Et que dire du texte délirant, et dénué du moindre fondement, de Marguerite Duras présentant la mère comme infanticide ? Aucune excuse ne sera bien sur faite par cette folle pour l’enfer que va vivre Christine Villemin en étant ainsi crucifiée par un texte de cet acabit. « Tous ces gens qui me parlent de ce qu'on doit écrire ou pas, quel ennui, quelle erreur. » Voilà tout ce qu’elle a su dire à ce sujet : quel ennui, effectivement, de devoir réfléchir aux conséquences de ses actes !
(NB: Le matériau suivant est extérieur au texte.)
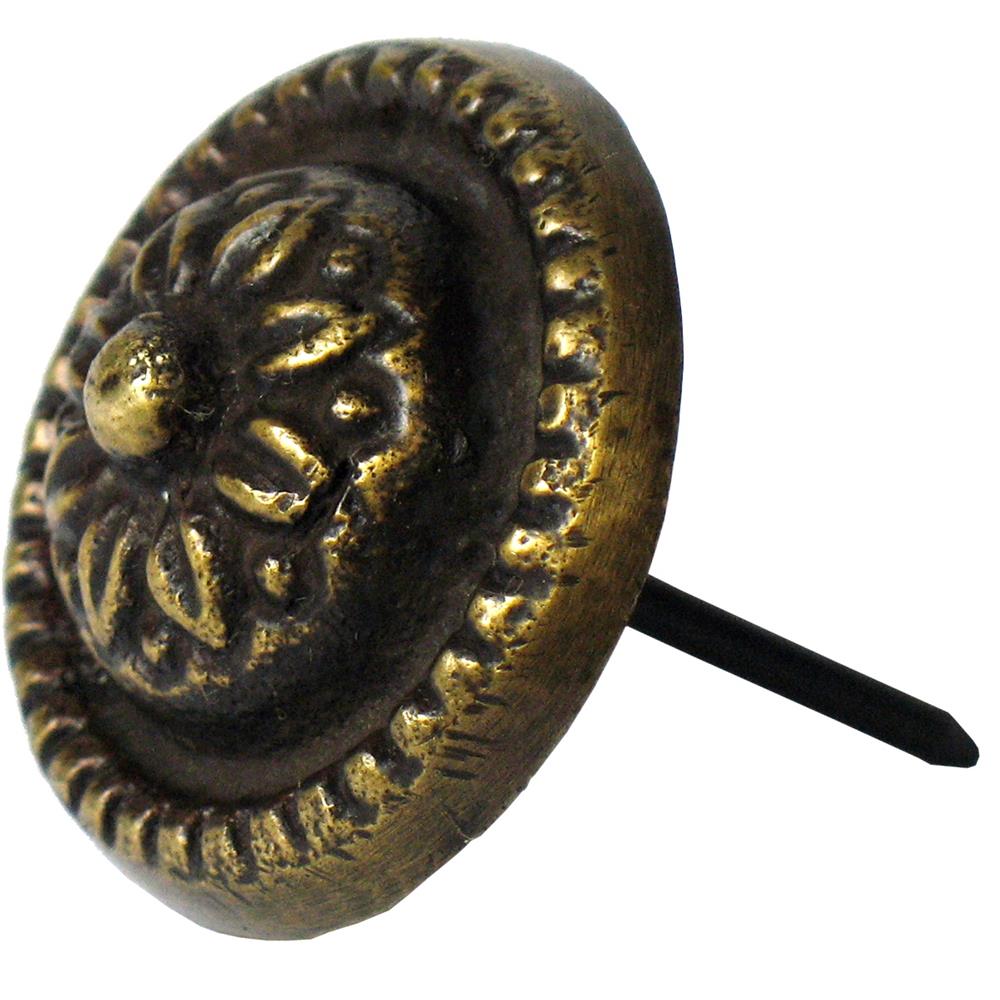 Gado Gado HCL1140 Round carved floral brass clavo w/ border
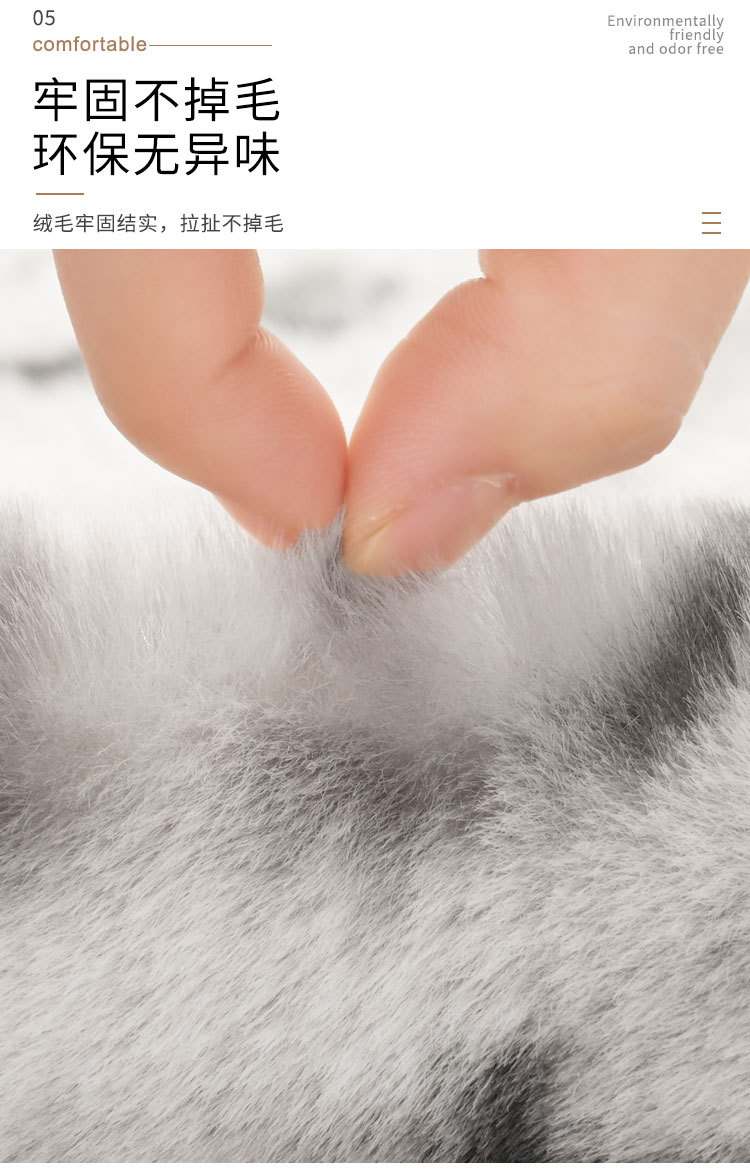 仿兔毛印花床边垫轻奢书房地毯客厅耐脏柔软地垫卧室脚垫家用垫子跨境出口防滑垫水晶绒地垫家用厨房浴室吸水防滑地垫防滑详情15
En revanche, que les personnes impliquées dans ce crime gardent le silence, cela ne m’étonne pas. Quand on est assez lâche pour s’en prendre à un enfant de 4 ans au prétexte qu’on est dévoré de jalousie, d’envie et de rancœur face à la réussite professionnelle de son père, il n’y a pas de raison que l’on assume ses actes.
Cela fait maintenant 35 ans que les parents de Gregory attendent de connaitre celui ou ceux qui leur ont arraché leur petit garçon.
A titre personnel, je pense que la piste la plus souvent revenu sur le tapis est la bonne. Que Gregory a été enlevé par le cousin de son père avec la complicité passive de la belle-sœur dudit cousin, lequel a remis l’enfant à d’autres personnes, sans doute les Jacob, sans forcément savoir le sort qui l’attendait, lesquels ont ainsi assouvie leur soi-disant vengeance.
35 ans plus tard, avec une première enquête bâclée, seul des aveux pourront nous donner le fin mot de l’histoire.
Et des aveux, de la part de lâches, il ne faut pas trop y compter.
Un extrait : Fait divers le plus retentissant de la seconde moitié du XXème siècle, le meurtre de Gregory Villemin, 4 ans, le 16 octobre 1984, dans les Vosges, restait un cold case, une énigme non résolue que l’on croyait embourbée à jamais dans les eaux vaseuses de la Vologne. La dernière apparition publique des parents de l’enfant, Christine et Jean-Marie Villemin, au printemps 1994, dans l’émission La marche du siècle, n’était plus qu’un lointain souvenir. Et les vaines tentatives de la justice de relancer l’affaire grâce aux progrès scientifiques de la génétique dataient des années 2000. Depuis, plus rien. Enfin le croyait-on.
Quand soudain, le 14 juin 2017, l’histoire rebondit avec les arrestations de membres de la famille Jacob, des personnes âgées de plus de soixante-dix ans. Ce crime sur un enfant où s’entrechoquent chaos judiciaire, délire médiatique et secrets de famille, ressurgit de façon spectaculaire plus de trente-deux ans après les faits. Passionnée par ce fait divers survenu pendant mes études de journaliste, je ne l’avais pas couvert à l’époque, mais je dévorais les articles de presse à ce sujet. En stage à Libération pendant l’été 1985, j’avais suivi au sein de la rédaction l’élaboration du « reportage » de l’écrivain Marguerite Duras, titré « Sublime, forcément sublime » qui désignait sans précaution Christine Villemin, tout juste inculpée pour infanticide, comme la coupable, forcément coupable… L’attitude de certains chefs et intellectuels qui accablaient « la mère » mais la trouvait « absolument géniale », m’avait laissé perplexe.
Et puis dans les années 2000, j’ai eu l’occasion d’écrire sur les expertises en ADN de pièces à conviction qui n’ont rien donné.
Mais ces actes scientifiques m’ont permis de mesurer à quel point Christine Villemin avait été victime d’une erreur judiciaire. La parution, en 2006, du livre de l’ex-capitaine de gendarmerie d’Epinal, Etienne Sesmat, chef d’enquête à ses tout débuts, que j’ai alors interviewé, a achevé de me convaincre du monstrueux gâchis humain généré par cette affaire. Aussi, lorsqu’elle revient dans l’actualité en 2017, je cherche à comprendre comment les enquêteurs ont remonté le temps pour en arriver là, par quel miracle ce dossier qui relève de l’archéologie judiciaire a pu en ressortir. Je me replonge dans les archives de Grégory et je pars en quête des procès-verbaux récents, pour le raconter comme un feuilleton pour le site d’information Les Jours.